Born in 1868 in Sweden, Gustaf Fjaestad studied at the Royal Academy from 1891 to 1892 and at the Swedish Artist Association in 1893. He became a pupil of Bruno Liljefors, the famous and influential wildlife painter. He studied also with the painter Carl Larsson and assisted him in completing fresco murals at the Swedish National Museum.
He exhibited for the first time in 1897. At the age of thirty years, Gustaf Fjaestad was already acclaimed as one of Swedens leading artists, after exhibiting numerous of snow landscapes at the Stockholm Artists Union in 1898. But it was on the international art scene that the achieved his greatest success. Fjaestad was extremely active in sending his paintings abroad in the first three decades of the new century. It was the German art lovers and critics who first praised his delicate winter traceries. In Rome (1911) his paintings were present at Esposizione Internazionale d’Arte.

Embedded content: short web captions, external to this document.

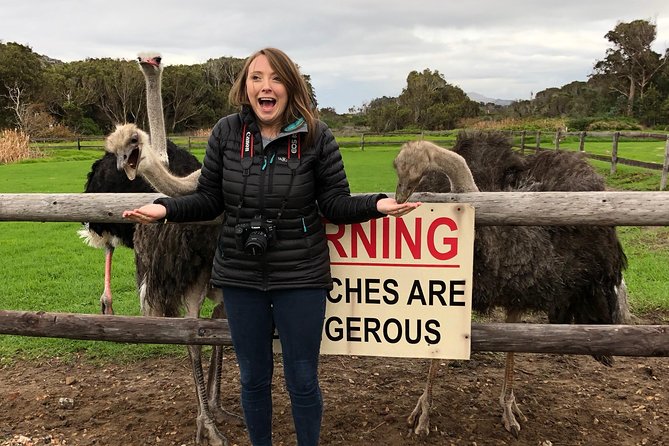 Private Day Tour to Cape Point , Penguins, Wine or Beer Tasting - The ostrich farm: a cheerful change of pace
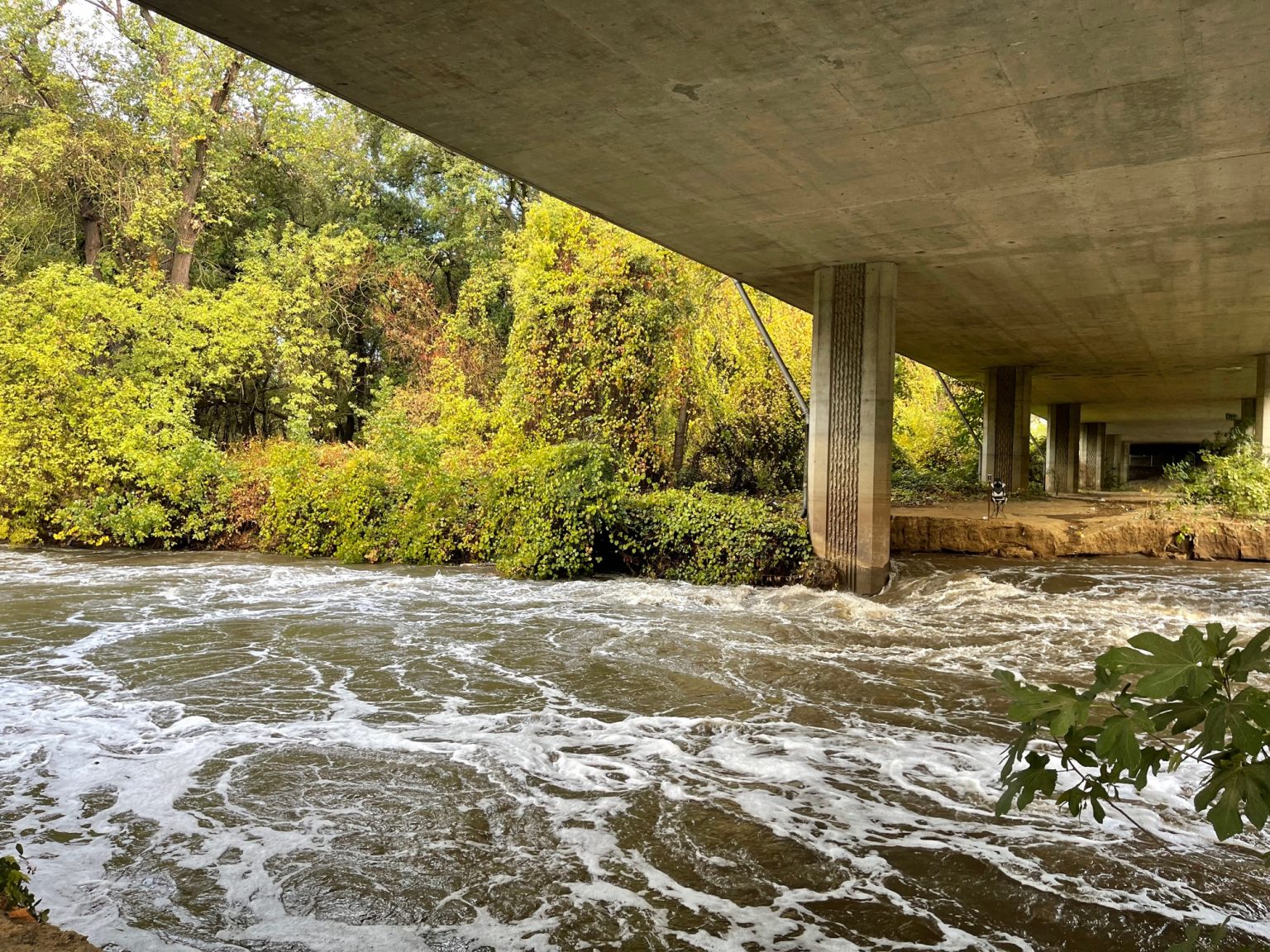 Seen in Natomas After the Record Rainfall The Natomas Buzz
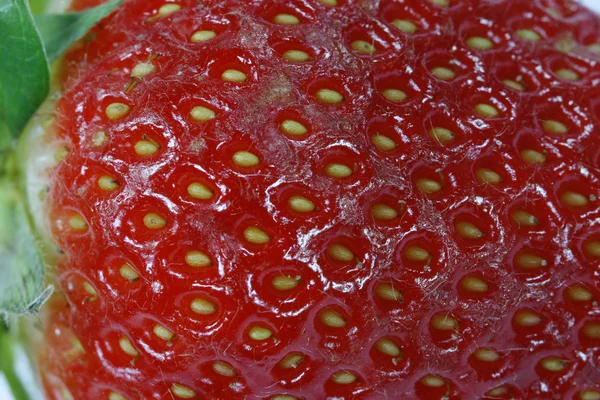 Czerwony dojrzałe truskawki — Zdjęcie stockowe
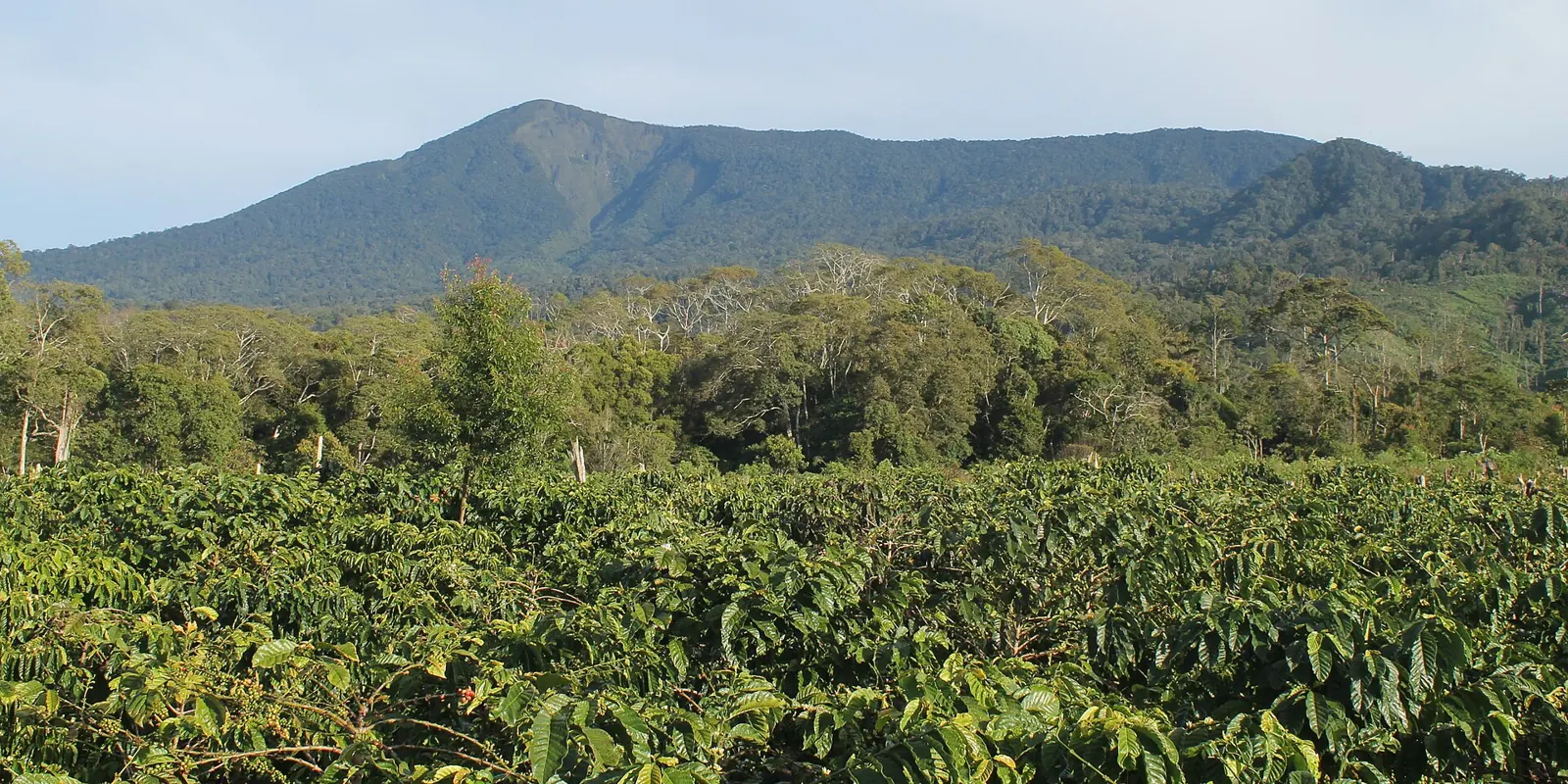 Sumatra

He was well-known for his paintings ofsnow-covered forests and bubbling streams of Värmland, Sweden. Fjaestad’s technique was unusual in that he coated the canvas with light-sensitive chemicals and projected an image of the scene upon it as a preliminary map of light, which he would then use to complete the painting by hand. In contemplating the painting, the viewer is slowly rocked into a sort of meditative state of mind. There is an intriguing feeling of spellbinding magic, a sense of childhood fairytale.
Fjaestad also designed tapestries and wooden furniture in a Swedish folk art style, and helped found the Rackstad Artists Colony in Värmland with his wife, Kerstin Maja Fjaestad, and fellow artists.